**Task to carry out**: Of the lines in the data below, write out exactly those from the one holding "Vintage Express mesh" through the one holding "Conjunto deportivo azul", both included.

*** Begin section ***

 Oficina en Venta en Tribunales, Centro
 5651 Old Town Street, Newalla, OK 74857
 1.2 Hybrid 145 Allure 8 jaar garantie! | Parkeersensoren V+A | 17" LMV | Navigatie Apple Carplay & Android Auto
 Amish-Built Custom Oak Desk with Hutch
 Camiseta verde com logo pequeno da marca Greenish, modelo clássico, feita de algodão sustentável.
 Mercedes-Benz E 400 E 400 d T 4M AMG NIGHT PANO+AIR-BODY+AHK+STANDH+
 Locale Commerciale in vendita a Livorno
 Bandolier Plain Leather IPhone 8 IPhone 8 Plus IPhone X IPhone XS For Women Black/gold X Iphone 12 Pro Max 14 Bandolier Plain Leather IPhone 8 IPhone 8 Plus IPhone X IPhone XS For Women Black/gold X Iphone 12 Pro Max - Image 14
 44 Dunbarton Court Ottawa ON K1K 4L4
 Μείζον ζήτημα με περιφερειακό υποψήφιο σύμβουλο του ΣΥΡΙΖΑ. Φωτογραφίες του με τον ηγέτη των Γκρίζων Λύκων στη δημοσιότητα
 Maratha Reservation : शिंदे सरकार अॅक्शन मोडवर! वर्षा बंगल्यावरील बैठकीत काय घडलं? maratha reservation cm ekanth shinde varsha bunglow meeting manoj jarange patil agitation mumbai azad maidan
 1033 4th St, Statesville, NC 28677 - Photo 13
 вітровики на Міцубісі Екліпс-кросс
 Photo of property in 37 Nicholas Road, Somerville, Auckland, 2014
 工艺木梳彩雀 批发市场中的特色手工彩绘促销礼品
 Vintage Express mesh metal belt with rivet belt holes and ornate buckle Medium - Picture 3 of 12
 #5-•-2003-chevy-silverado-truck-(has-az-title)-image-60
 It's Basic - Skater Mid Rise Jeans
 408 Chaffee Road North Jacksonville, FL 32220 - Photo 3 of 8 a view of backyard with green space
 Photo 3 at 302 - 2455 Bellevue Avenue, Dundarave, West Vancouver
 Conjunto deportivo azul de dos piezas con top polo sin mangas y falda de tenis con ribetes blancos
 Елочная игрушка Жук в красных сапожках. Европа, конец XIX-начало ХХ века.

*** End section ***

**Task response**:
 Vintage Express mesh metal belt with rivet belt holes and ornate buckle Medium - Picture 3 of 12
 #5-•-2003-chevy-silverado-truck-(has-az-title)-image-60
 It's Basic - Skater Mid Rise Jeans
 408 Chaffee Road North Jacksonville, FL 32220 - Photo 3 of 8 a view of backyard with green space
 Photo 3 at 302 - 2455 Bellevue Avenue, Dundarave, West Vancouver
 Conjunto deportivo azul de dos piezas con top polo sin mangas y falda de tenis con ribetes blancos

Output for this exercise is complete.